Your goal:
Nothing in the data should change when you return it, but leave the pictures out.

=== Input ===

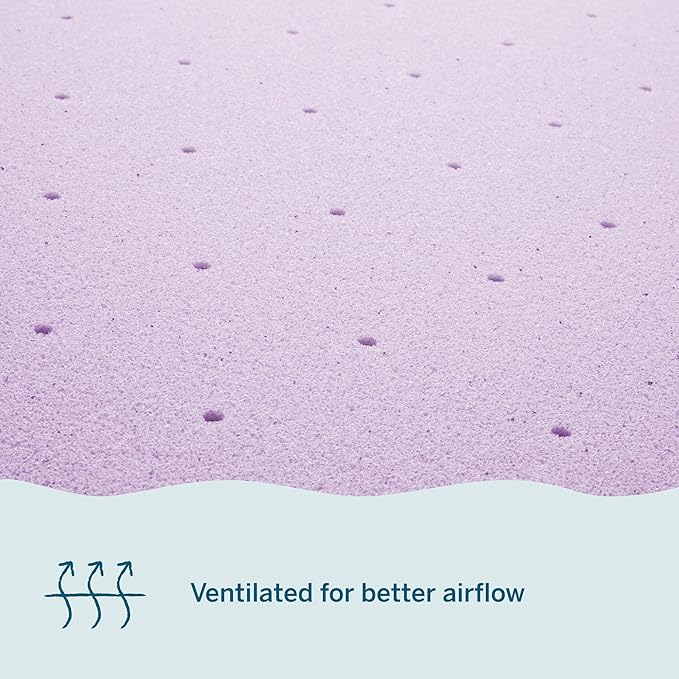 LUCID 3 Inch Lavender Infused Memory Foam Mattress Topper - Image 5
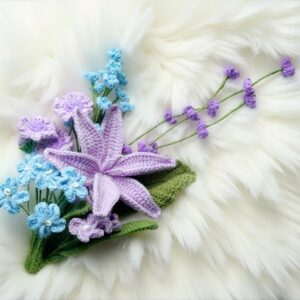 Violet Serenity Bouquet Crochet Pattern - Beautiful Amigurumi Flowers - DIY Handmade Gift & Home Decor - Instant Download PDF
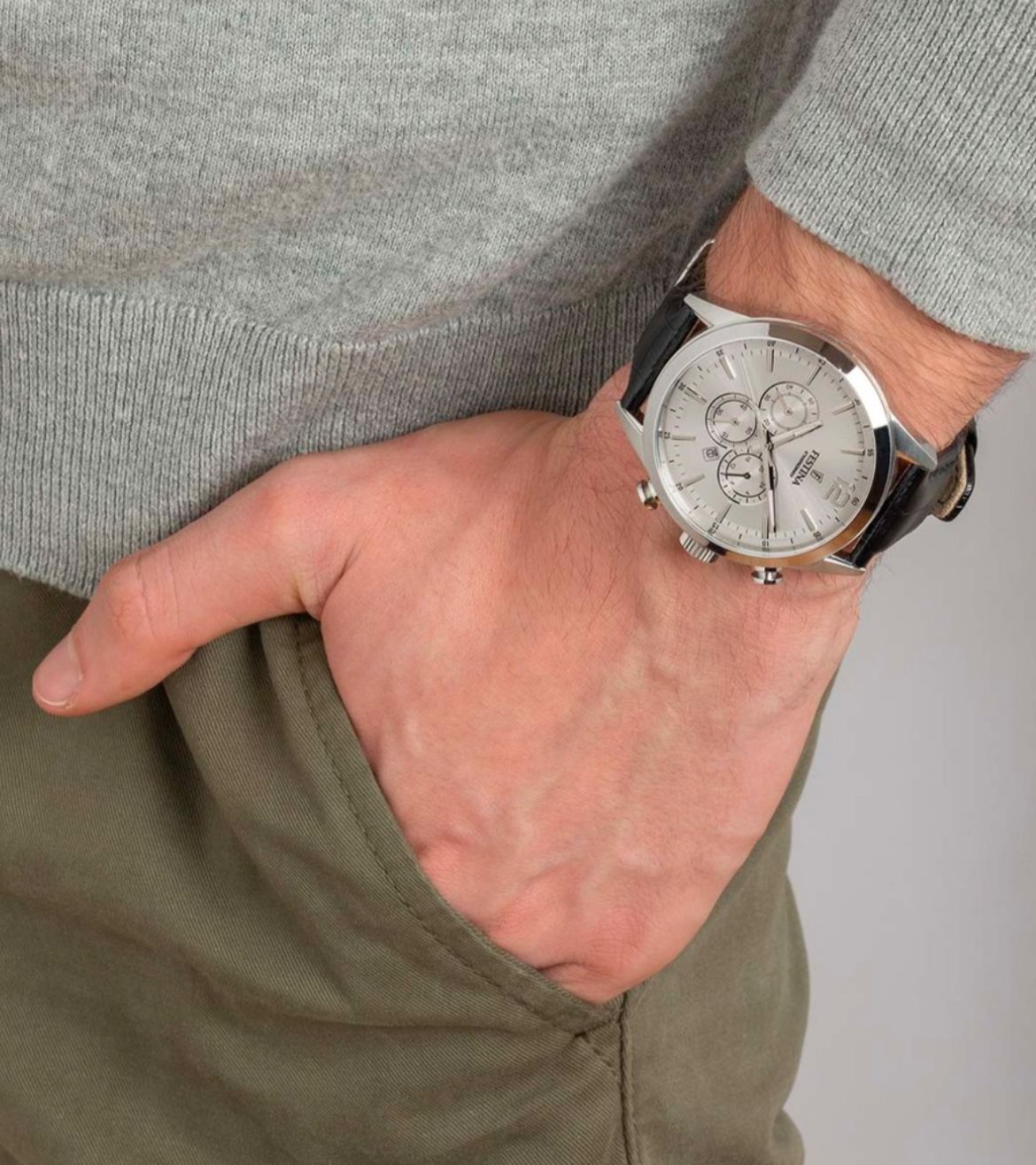 OROLOGIO FESTINA TIMELESS CHRONOGRAPH F20542/1 ARGENTO CON CINTURINO IN PELLE, UOMO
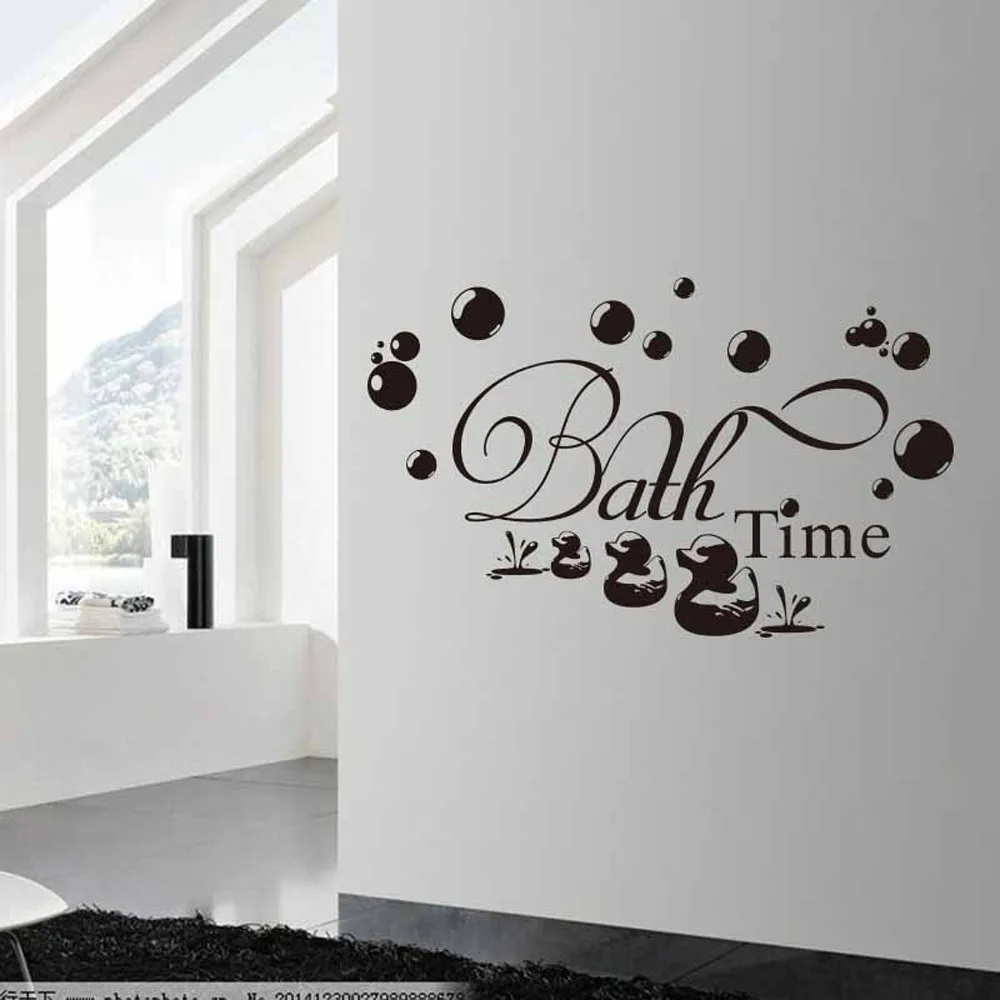 Bath Time Wall Sticker Bathroom Quote Wall Decal Bubbles Duck Home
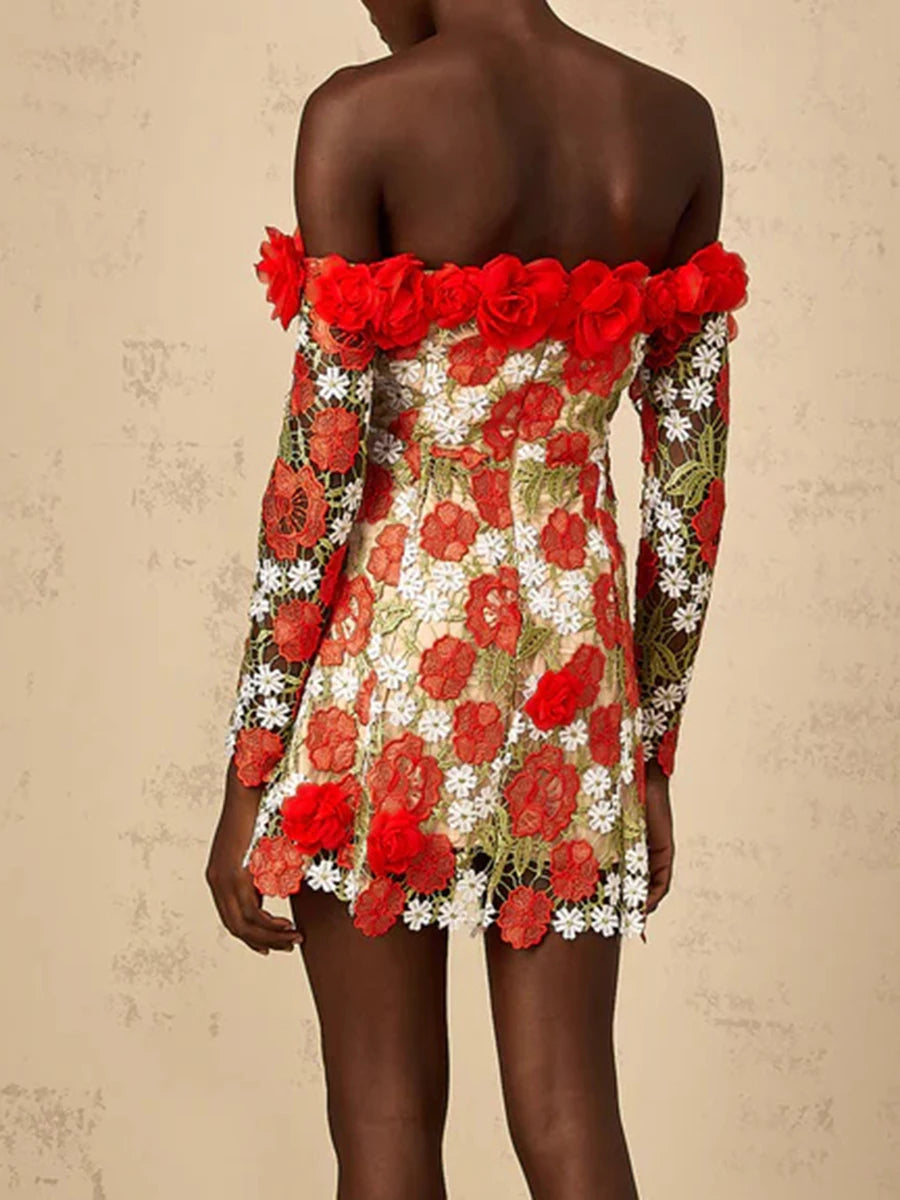 Statement red flower mini dress for wedding guest and party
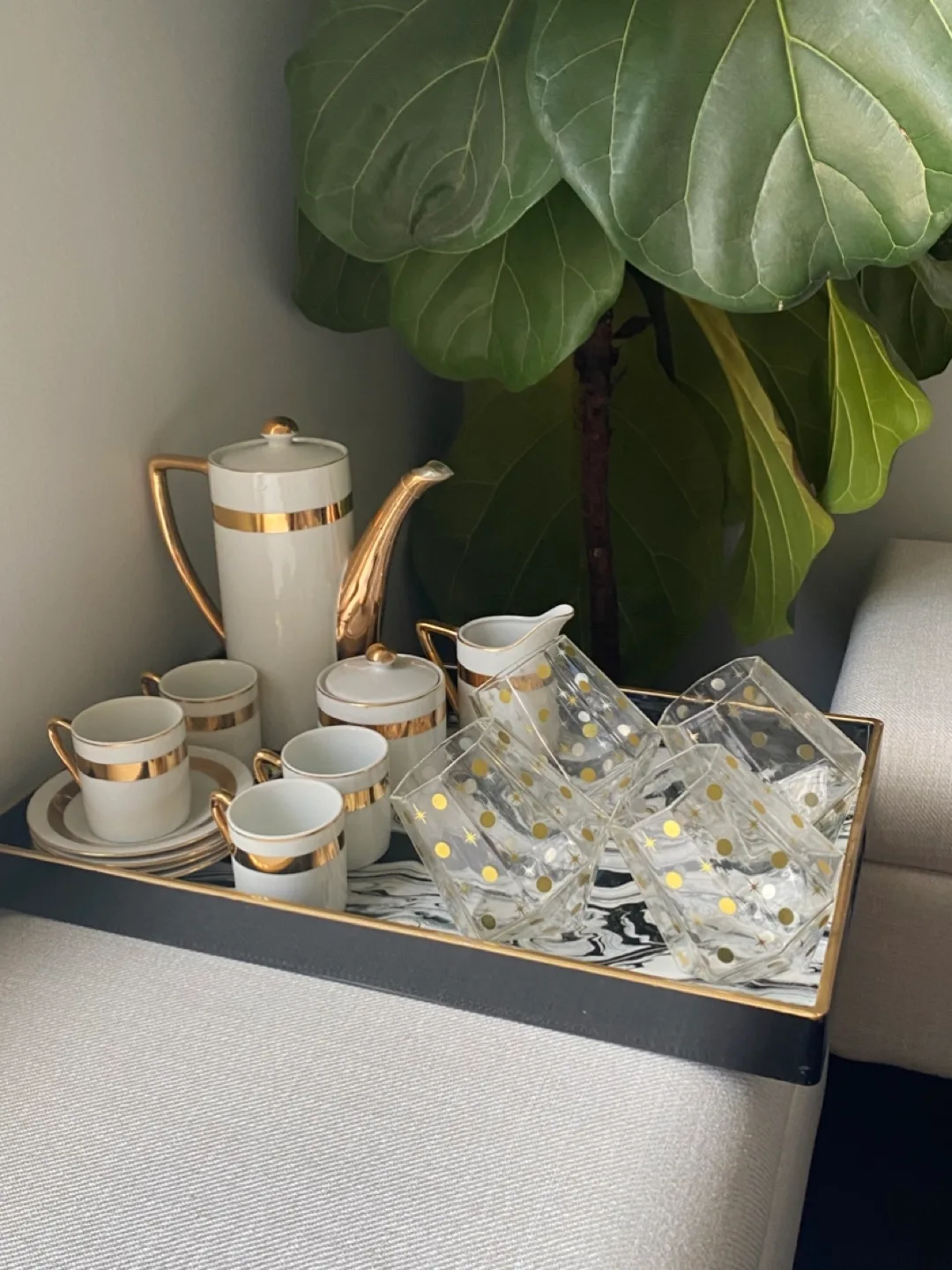 Vintage Japanese Tea Set with Gold Accents thumbnail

===

Exercise answer:
 LUCID 3 Inch Lavender Infused Memory Foam Mattress Topper - Image 5
 Violet Serenity Bouquet Crochet Pattern - Beautiful Amigurumi Flowers - DIY Handmade Gift & Home Decor - Instant Download PDF
 OROLOGIO FESTINA TIMELESS CHRONOGRAPH F20542/1 ARGENTO CON CINTURINO IN PELLE, UOMO
 Bath Time Wall Sticker Bathroom Quote Wall Decal Bubbles Duck Home
 Statement red flower mini dress for wedding guest and party
 Vintage Japanese Tea Set with Gold Accents thumbnail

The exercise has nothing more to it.